Using the entries below, restate word for word only the lines from the one with "Versace VRSCVEPCA0124 Erkek Kol Saati" to the final line, leaving the pictures out.

START DATA EXCERPTS

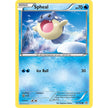 Spheal (46) (46/160) (PRC)
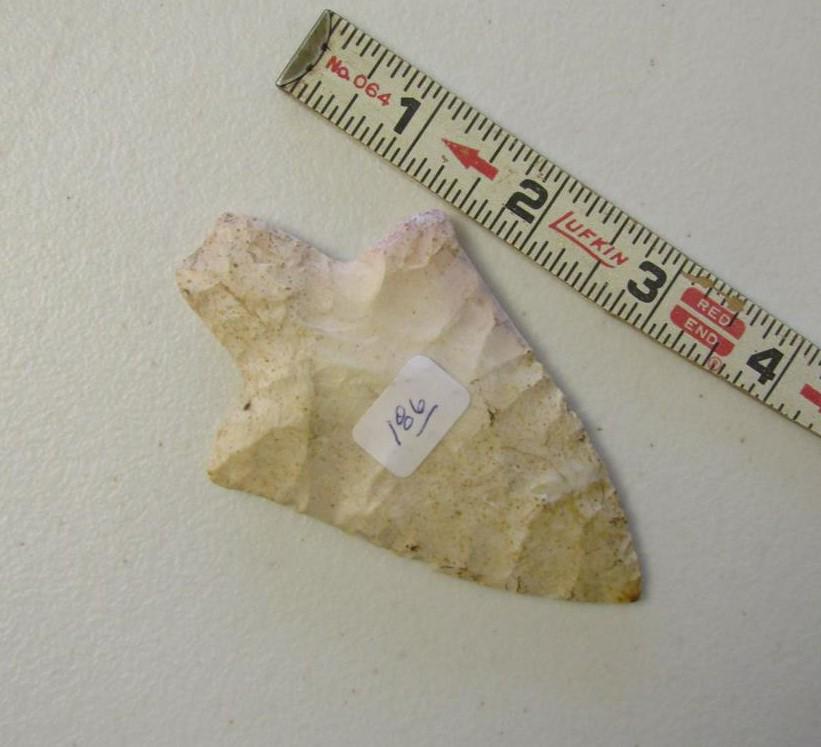 COA Dickson (1 of 3)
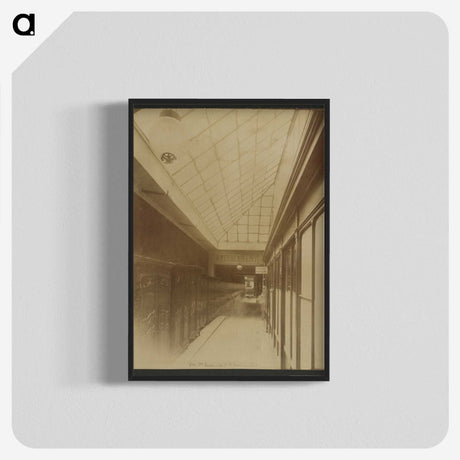2-93_Eugene-Atget_blk-crop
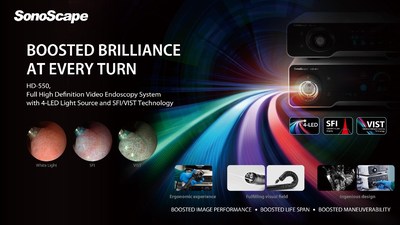 ข่าวไอที - 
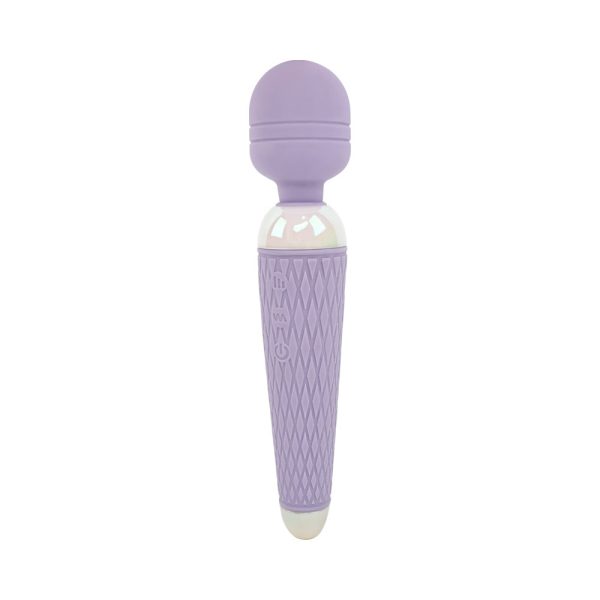 Adam & Eve Flexi Lexi - Image 2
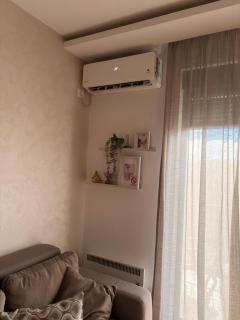 Titova Vila - Golden Peak Residence - 9
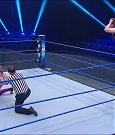 WWE_SmackDown_2020_03_13_720p_WEB_h264-HEEL_mp4_000658441.jpg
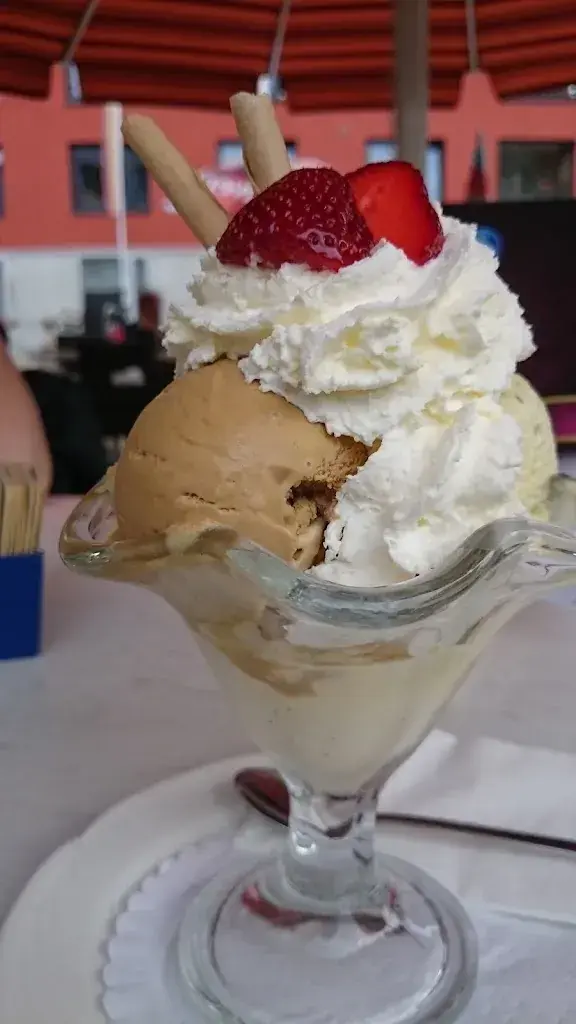 Menu_Landgasthof Hard_Zunzgen_image_8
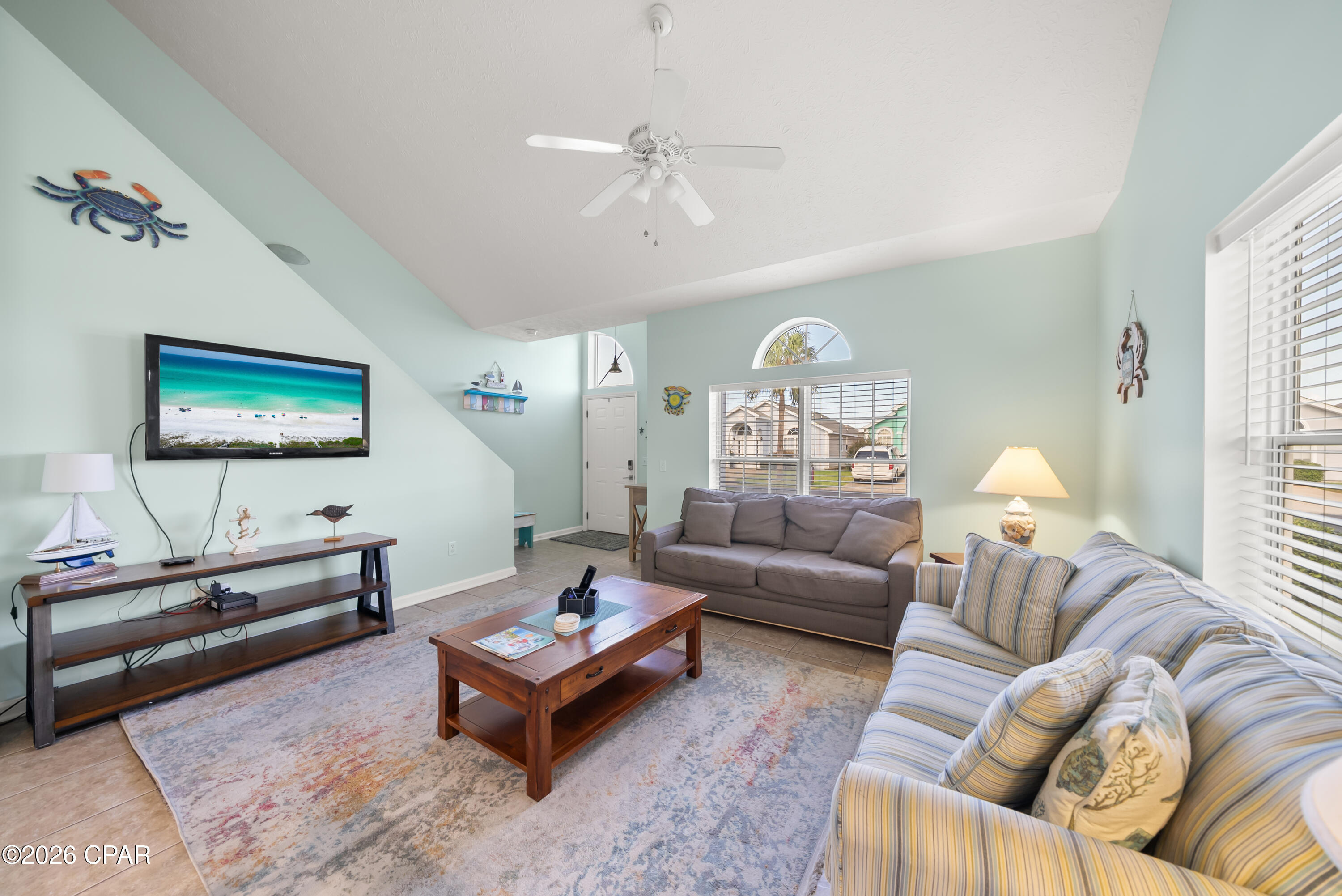 106 Seagrass Way, Panama City Beach, FL 32407 thumbnail, photo 19 of 48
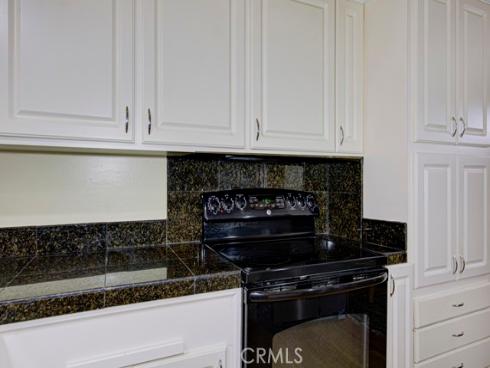 353 Ave Sevilla C , Laguna Woods, CA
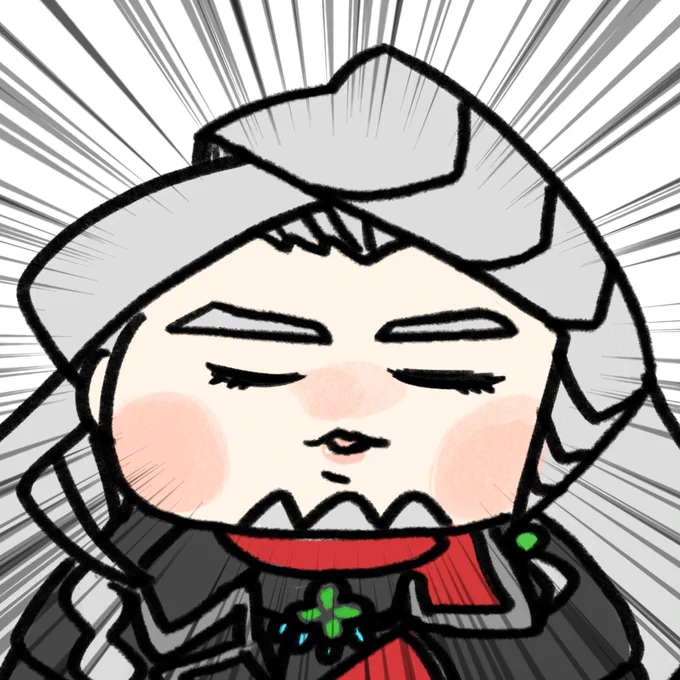 今日キスの日なの 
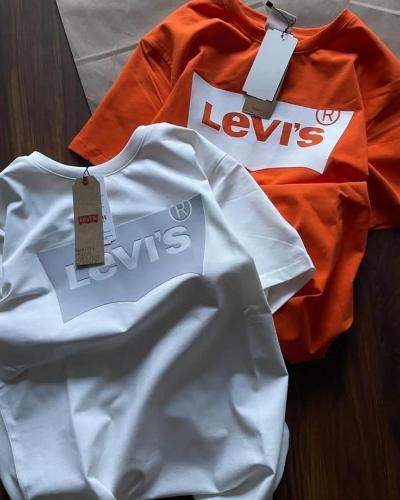 Remeras Marca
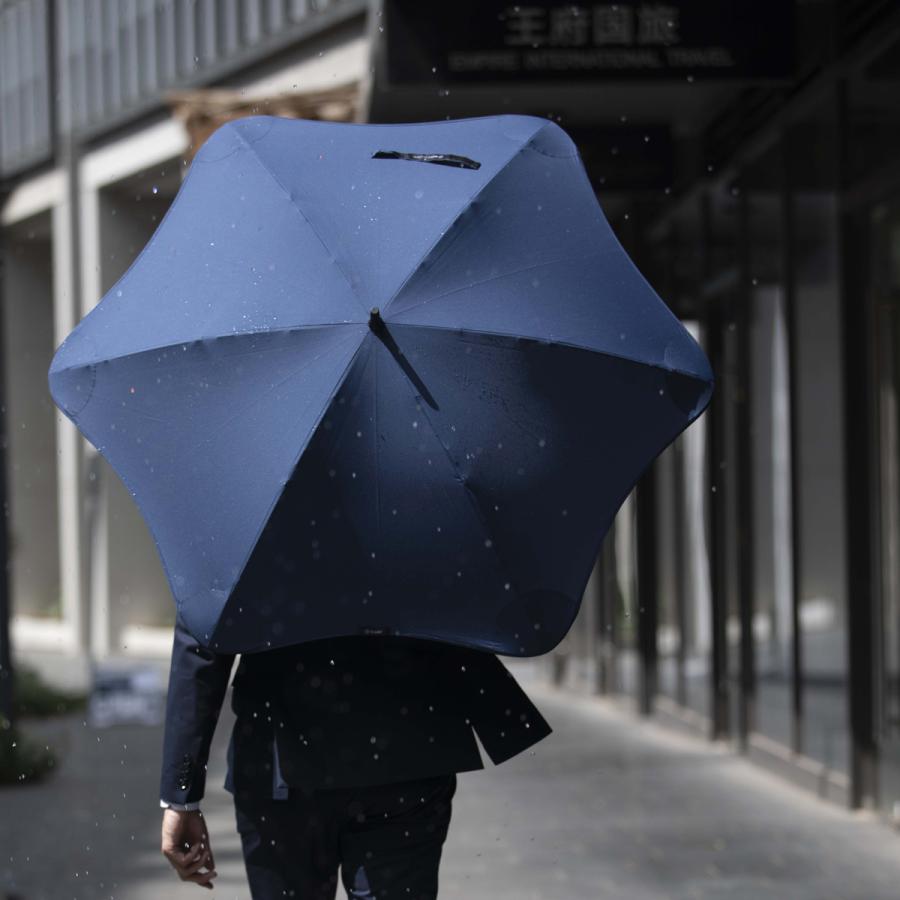 BLUNT ブラント 長傘 雨傘 65cm クラシック CLASSIC メンズ BLUNT ブラント 長傘 雨傘 65cm クラシック CLASSIC メンズ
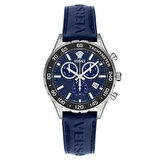 Versace VRSCVEPCA0124 Erkek Kol Saati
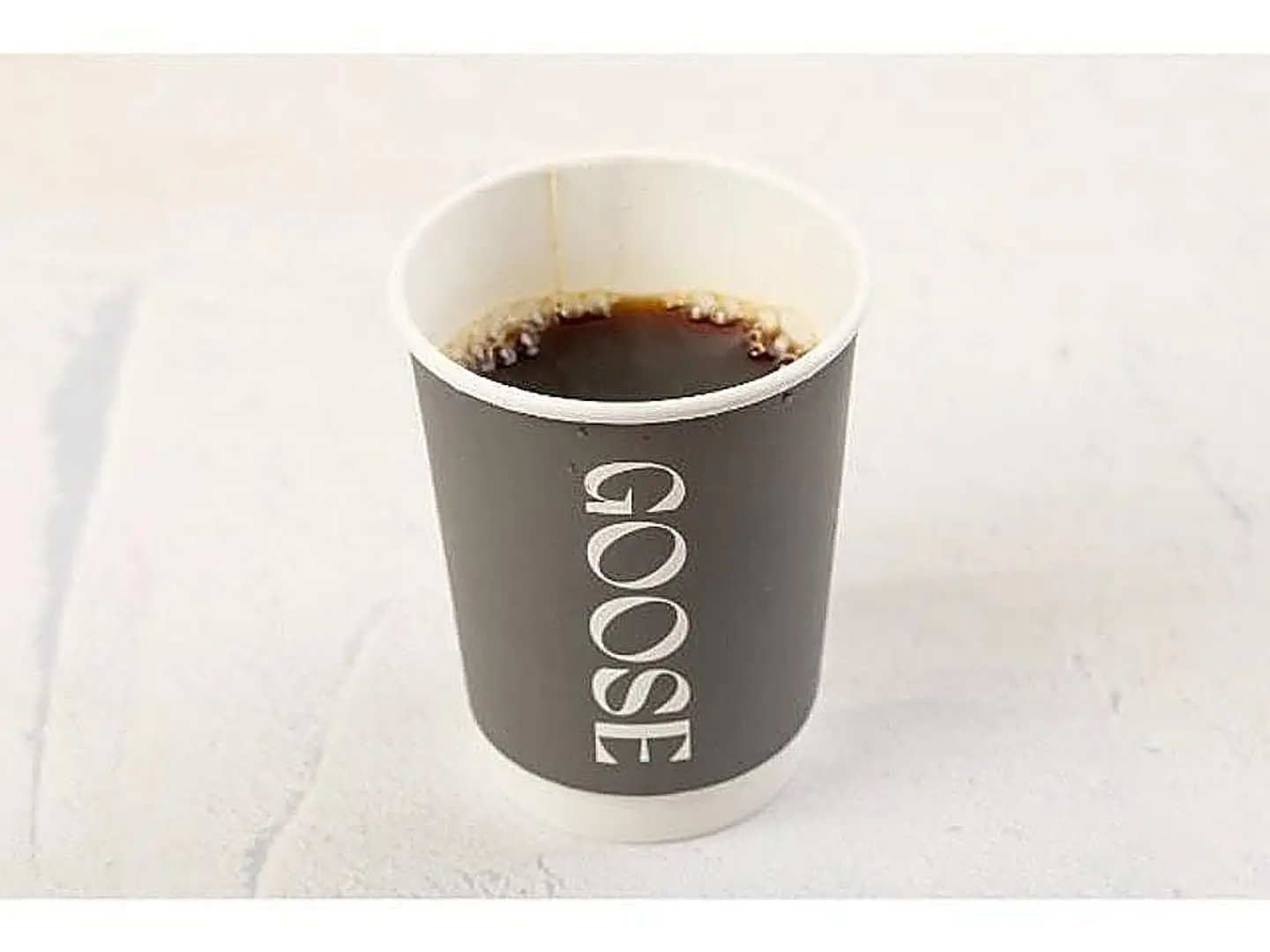 V60 Hot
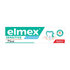 Elmex Sensitive Whitening Zubná pasta 75 ml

END DATA EXCERPTS

__ANSWER TO THIS TASK__.
 Versace VRSCVEPCA0124 Erkek Kol Saati
 V60 Hot
 Elmex Sensitive Whitening Zubná pasta 75 ml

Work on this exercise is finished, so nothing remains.